Indian security forces yesterday killed at least 16 Maoists during a fierce gunbattle, police said, as New Delhi ramps up efforts to crush the long-running insurgency.
More than 10,000 people have been killed in the decades-long “Naxalite” rebellion, whose members say they are fighting for the rights of marginalized people in India’s resource-rich central regions.
Yesterday’s skirmish in Chhattisgarh state began after security forces launched a raid in the dense forests of Sukma, police chief P. Sundarraj said.
Photo: AP
“We have so far recovered 16 bodies from the Maoists,” he said, adding that the toll might rise further.
The gunfight was ongoing, and government forces had recovered a cache of arms including rocket and grenade launches, assault weapons and other rifles, Sundarraj said.
A crackdown by security forces killed about 287 rebels last year, an overwhelming majority of them in Chhattisgarh, Indian government data showed.
The Maoists demand land, jobs and a share of the region’s immense natural resources for local residents.

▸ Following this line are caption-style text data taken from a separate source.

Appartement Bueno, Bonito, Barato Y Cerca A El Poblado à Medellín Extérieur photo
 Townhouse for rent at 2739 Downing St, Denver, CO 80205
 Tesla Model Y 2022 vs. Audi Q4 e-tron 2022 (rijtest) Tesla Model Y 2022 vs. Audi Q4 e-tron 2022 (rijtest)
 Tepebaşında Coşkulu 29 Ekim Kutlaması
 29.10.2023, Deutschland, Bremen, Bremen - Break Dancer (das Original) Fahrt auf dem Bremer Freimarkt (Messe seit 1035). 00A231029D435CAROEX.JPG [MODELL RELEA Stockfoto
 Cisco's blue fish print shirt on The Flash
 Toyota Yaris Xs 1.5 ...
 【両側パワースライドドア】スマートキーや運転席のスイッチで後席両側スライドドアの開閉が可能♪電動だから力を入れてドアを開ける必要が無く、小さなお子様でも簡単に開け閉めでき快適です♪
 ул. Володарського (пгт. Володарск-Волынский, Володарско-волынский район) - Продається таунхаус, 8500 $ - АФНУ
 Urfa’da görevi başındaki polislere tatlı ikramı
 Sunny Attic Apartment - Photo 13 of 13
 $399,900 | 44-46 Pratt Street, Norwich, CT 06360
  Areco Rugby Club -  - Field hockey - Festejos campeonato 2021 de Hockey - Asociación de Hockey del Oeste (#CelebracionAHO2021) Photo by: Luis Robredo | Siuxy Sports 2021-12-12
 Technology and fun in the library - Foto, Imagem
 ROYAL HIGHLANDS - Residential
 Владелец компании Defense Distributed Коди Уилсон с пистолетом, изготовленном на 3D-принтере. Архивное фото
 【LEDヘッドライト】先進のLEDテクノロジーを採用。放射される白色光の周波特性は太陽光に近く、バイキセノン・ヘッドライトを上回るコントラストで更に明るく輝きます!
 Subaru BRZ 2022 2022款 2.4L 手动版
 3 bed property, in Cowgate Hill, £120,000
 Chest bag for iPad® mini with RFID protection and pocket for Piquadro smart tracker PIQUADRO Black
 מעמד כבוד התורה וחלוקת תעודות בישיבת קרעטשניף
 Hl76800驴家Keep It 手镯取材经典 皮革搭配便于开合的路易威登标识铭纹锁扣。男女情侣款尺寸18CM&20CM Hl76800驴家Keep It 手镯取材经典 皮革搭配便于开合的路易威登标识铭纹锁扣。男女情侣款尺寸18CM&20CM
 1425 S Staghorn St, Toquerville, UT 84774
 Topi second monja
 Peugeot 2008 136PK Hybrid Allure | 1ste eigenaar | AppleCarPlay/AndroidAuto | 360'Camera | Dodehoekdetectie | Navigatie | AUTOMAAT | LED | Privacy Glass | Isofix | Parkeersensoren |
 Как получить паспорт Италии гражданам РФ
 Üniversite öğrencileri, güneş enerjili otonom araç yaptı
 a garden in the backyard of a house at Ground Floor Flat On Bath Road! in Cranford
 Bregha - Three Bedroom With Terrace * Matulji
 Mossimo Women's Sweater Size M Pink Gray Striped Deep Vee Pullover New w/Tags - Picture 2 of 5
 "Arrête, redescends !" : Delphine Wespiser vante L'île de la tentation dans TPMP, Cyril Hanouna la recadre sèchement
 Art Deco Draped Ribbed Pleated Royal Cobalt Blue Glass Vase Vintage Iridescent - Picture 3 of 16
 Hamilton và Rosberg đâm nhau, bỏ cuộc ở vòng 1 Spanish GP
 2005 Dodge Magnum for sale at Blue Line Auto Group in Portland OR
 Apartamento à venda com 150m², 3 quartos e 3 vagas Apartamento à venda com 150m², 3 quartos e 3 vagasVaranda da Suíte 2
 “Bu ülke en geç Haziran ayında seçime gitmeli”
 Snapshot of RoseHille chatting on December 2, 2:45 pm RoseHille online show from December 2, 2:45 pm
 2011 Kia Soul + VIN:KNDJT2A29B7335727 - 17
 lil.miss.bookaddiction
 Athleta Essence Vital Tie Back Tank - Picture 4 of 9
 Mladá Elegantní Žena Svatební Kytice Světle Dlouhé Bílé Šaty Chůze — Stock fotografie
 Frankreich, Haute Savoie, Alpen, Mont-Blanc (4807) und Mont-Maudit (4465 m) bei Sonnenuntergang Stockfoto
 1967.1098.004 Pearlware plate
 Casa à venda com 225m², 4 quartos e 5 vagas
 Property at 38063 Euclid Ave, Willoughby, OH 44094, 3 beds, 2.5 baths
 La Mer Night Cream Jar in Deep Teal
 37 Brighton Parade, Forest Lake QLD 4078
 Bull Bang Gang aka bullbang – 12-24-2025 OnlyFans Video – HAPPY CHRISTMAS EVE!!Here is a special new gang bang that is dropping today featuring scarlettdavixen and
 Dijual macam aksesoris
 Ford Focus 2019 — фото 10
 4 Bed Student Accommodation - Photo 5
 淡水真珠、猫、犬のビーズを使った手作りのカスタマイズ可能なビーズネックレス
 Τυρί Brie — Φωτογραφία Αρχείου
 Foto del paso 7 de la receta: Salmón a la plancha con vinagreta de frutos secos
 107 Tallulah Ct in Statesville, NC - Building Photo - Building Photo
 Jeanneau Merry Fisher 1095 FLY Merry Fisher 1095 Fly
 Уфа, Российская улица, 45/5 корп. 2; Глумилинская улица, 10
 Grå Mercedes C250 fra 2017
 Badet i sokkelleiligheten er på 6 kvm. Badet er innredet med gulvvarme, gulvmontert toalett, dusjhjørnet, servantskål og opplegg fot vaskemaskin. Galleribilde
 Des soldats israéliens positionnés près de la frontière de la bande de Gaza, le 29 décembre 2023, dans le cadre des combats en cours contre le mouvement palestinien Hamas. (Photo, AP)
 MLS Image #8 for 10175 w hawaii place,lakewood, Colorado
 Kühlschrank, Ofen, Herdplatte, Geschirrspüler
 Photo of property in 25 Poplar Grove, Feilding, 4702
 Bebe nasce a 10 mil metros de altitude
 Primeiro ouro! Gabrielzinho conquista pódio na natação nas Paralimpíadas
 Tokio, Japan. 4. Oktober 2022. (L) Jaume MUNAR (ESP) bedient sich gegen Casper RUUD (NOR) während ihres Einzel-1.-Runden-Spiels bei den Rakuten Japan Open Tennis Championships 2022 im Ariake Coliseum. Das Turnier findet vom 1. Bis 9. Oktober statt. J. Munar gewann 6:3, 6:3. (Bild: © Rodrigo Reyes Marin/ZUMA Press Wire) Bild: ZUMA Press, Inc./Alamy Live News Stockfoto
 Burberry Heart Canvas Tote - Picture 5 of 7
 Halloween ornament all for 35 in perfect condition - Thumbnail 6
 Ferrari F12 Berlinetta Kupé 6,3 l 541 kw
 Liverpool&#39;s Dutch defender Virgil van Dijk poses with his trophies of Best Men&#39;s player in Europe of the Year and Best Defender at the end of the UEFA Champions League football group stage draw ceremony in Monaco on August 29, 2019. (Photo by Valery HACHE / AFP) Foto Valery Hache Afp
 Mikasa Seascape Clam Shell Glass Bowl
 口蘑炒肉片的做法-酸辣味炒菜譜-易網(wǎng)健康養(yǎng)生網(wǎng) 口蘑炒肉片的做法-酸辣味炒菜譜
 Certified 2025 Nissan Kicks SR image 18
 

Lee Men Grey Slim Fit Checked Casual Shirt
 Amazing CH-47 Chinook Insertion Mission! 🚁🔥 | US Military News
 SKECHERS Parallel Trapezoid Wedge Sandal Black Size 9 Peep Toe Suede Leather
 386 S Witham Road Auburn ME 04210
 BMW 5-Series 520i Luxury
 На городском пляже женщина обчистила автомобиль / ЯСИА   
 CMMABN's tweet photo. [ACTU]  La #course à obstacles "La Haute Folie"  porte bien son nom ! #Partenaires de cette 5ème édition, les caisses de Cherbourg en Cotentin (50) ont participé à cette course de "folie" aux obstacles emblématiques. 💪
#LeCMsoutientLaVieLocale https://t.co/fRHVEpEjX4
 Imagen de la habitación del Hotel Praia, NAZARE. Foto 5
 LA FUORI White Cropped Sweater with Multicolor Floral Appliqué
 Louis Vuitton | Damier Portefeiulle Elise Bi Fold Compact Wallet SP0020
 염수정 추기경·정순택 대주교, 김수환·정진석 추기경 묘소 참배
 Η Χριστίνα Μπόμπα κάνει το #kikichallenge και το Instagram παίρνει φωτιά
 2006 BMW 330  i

They made inroads in several remote communities across India’s east and south, and the movement gained in strength and numbers through the first decade of this century. At its peak, the rebels had an estimated strength of 15,000 to 20,000 armed cadres and were operating in districts equivalent to about one-third of India’s landmass.
New Delhi then deployed tens of thousands of troops in a stretch of territory known as the “Red Corridor.”
The insurgency is a shadow of its former self as a result of years of counterinsurgency operations. Indian Minister of Home Affairs Amit Shah has vowed to eradicate the last remnants of the movement by early next year.
More than 110 Maoists have been killed so far this year.
Earlier this month, security forces shot dead 30 Maoists in two separate clashes. Another 31 were killed in a single day last month. The conflict has also seen scores of deadly attacks on government forces. A roadside bomb killed at least nine Indian troops in January.
A 2010 forest ambush in Chhattisgarh killed 76 paramilitary troops — the single deadliest attack on Indian security forces by the insurgents.